RIO TINTO
La Chine n’entend pas laisser le contrôle d’une partie de son industrie aux groupes miniers, nouveaux nababs du capitalisme mondial. Mardi, un quotidien économique chinois a soulevé un vent de révolte. Selon lui, le premier sidérurgiste de Chine Baosteel préparerait une surenchère sur Rio Tinto. Si l’OPA hostile de l’anglo-australien BHP Billiton sur son homologue Rio Tinto venait à réussir, le plus grand groupe minier mondial et son rival éternel, le Brésilien CVRD, contrôleraient à eux deux 80% de la production mondiale de minerai de fer, dont la Chine fait une consommation boulimique.
“Nous envisageons (une offre). Il y a une très grande possibilité que le projet d’offre se poursuive”, a indiqué Xu Lejang, le président de Baosteel dans les colonnes du “21st Century Business Herald”. Il est important pour le groupe de disposer de ses propres ressources minières, a t-il précisé, soulignant de la sorte son inquiétude face au risque que représente pour son pays la fusion entre BHP et Rio Tinto.

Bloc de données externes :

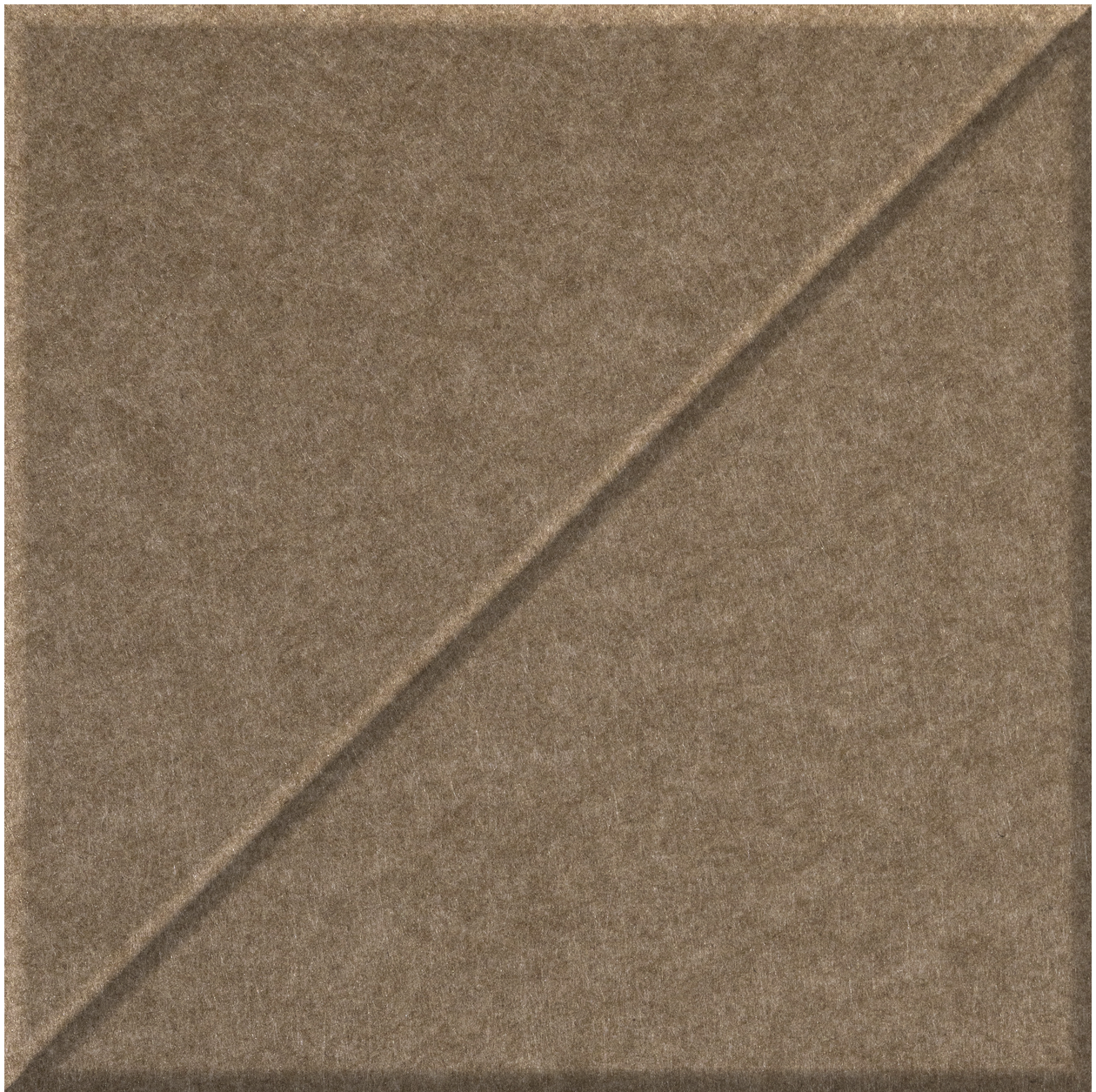 Tan ceramic tile with diagonal raised ridge running from upper right to lower left.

La Chine, qui absorbe près de 40% de la production mondiale de minerai de fer, est devenu le premier consommateur mondial de cette matière première, vitale au développement de ses infrastructures.

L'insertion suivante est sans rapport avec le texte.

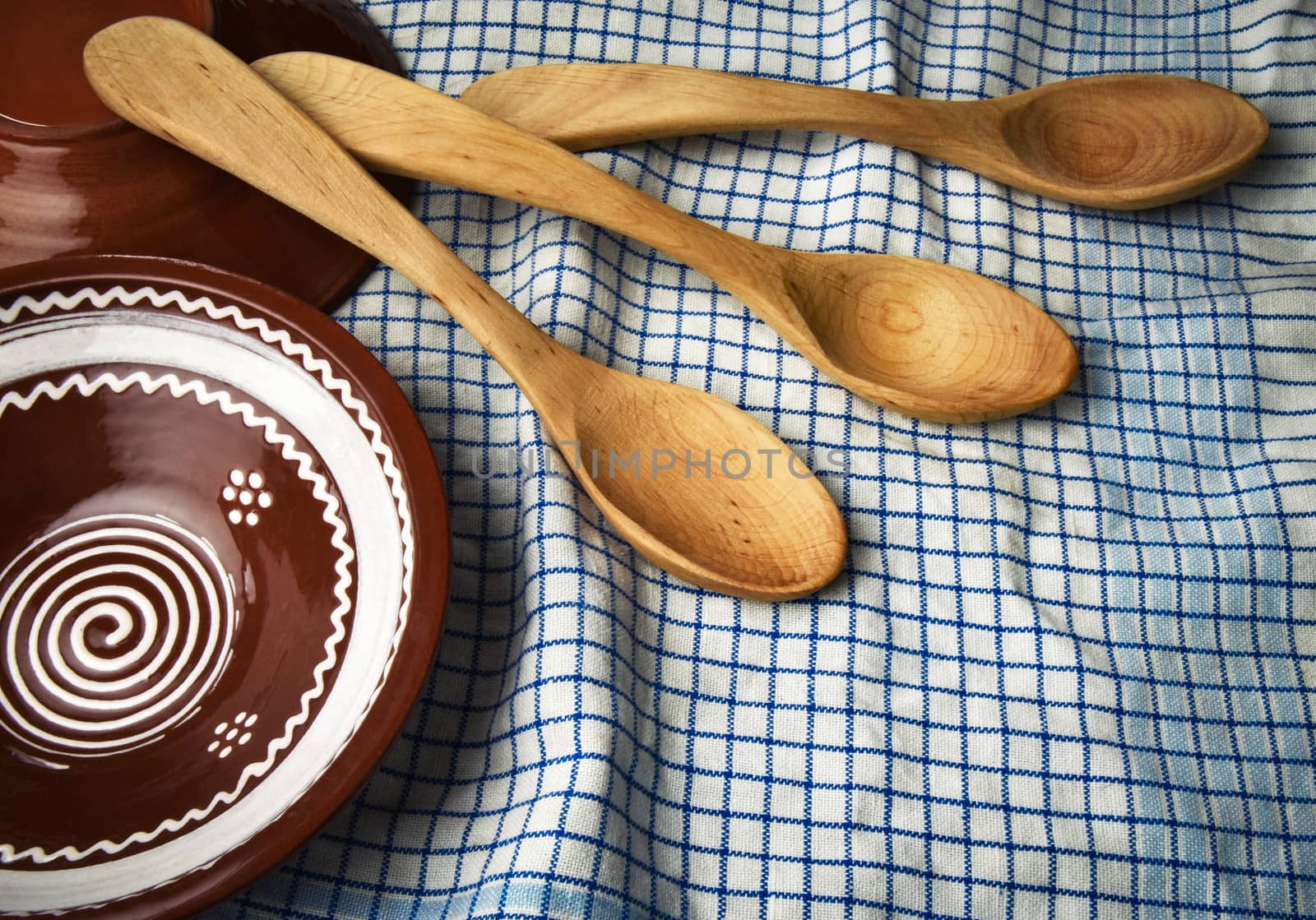 background traditional Slovak wooden spoon and a clay bowl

De plus, la Chine est pénalisée par l’atomisation de son secteur sidérurgique. Aujourd’hui, plus de 900 sidérurgistes chinois de toutes tailles se disputent le précieux minerai. Cet éparpillement nuit gravement à son pouvoir de négociation sur les prix avec les groupes miniers. Cependant, Baosteel semble ne pas faire le poids face à BHP. Sa filiale cotée, qui regroupe 75% de sa production globale, est valorisée environ 35 milliards de dollars. “Ils n’ont pas d’autres choix que de s’allier avec le gouvernement pour proposer une contre-offre sur Rio Tinto”, a d’ailleurs estimé un analyste à DBS Vickers Hongkong.

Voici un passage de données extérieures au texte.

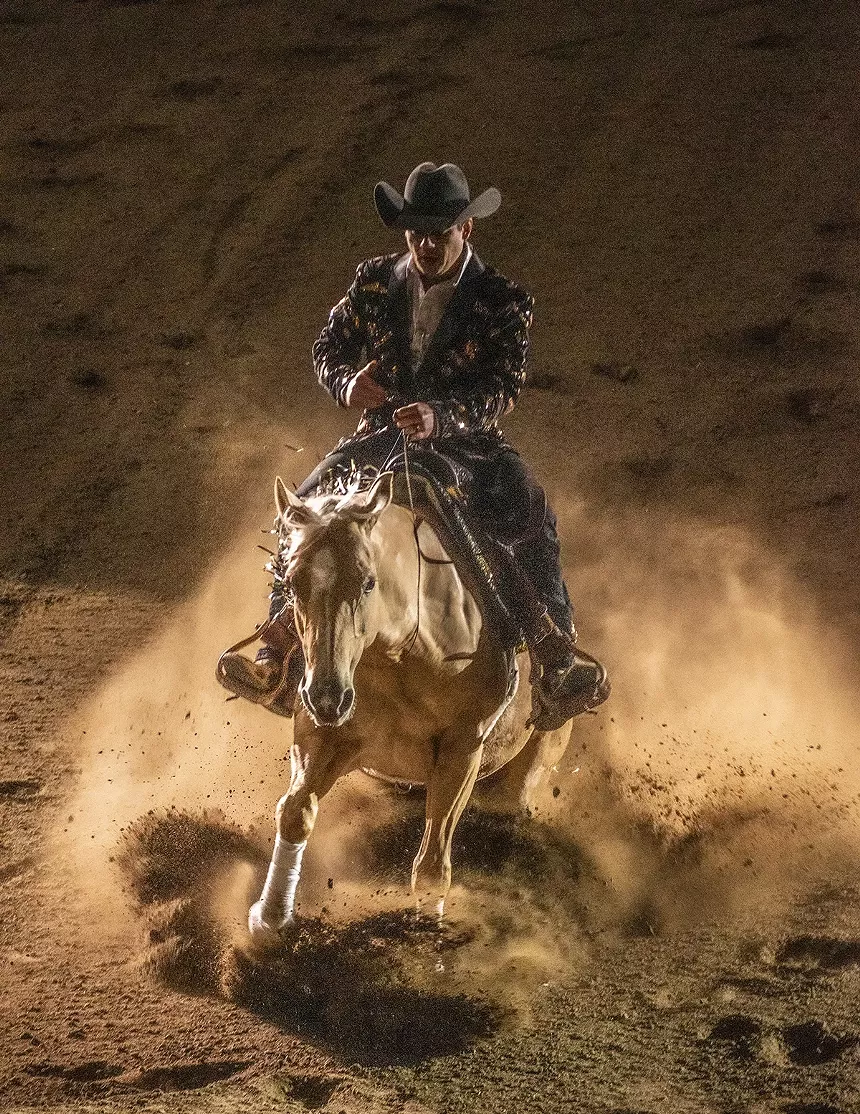 cowboy sliding in on horse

Officiellement, le gouvernement chinois n’est pas impliqué dans cette contre-offre. Pour Helen Lau, analyste spécialisé de Daiwa Securities à Shanghai, Baosteel pourrait plutôt chercher à s’allier avec Nippon Steel, deuxième sidérurgiste mondial derrière ArcelorMittal, avec lequel il a déjà crée une coentreprise.
Il semble donc que la tournée asiatique organisée par le directeur général de BHP Billiton, Mark Kloppers, dans le but de convaincre ses clients du bien fondé de la fusion ne les ait pas suffisamment rassurés. De son côté, Tom Albanese, le patron de Rio Tinto, qui continue d’étudier l’offre de BHP, a reconnu subir de “très fortes pressions” de la part de ses propres clients.
A Londres, le titre Rio Tinto progresse de 1,34% à 5516 pence. BHP est stable à 1577 pence. Mardi à la Bourse de Shanghai, le titre Baosteel a gagné plus de 5% sur cette possible surenchère.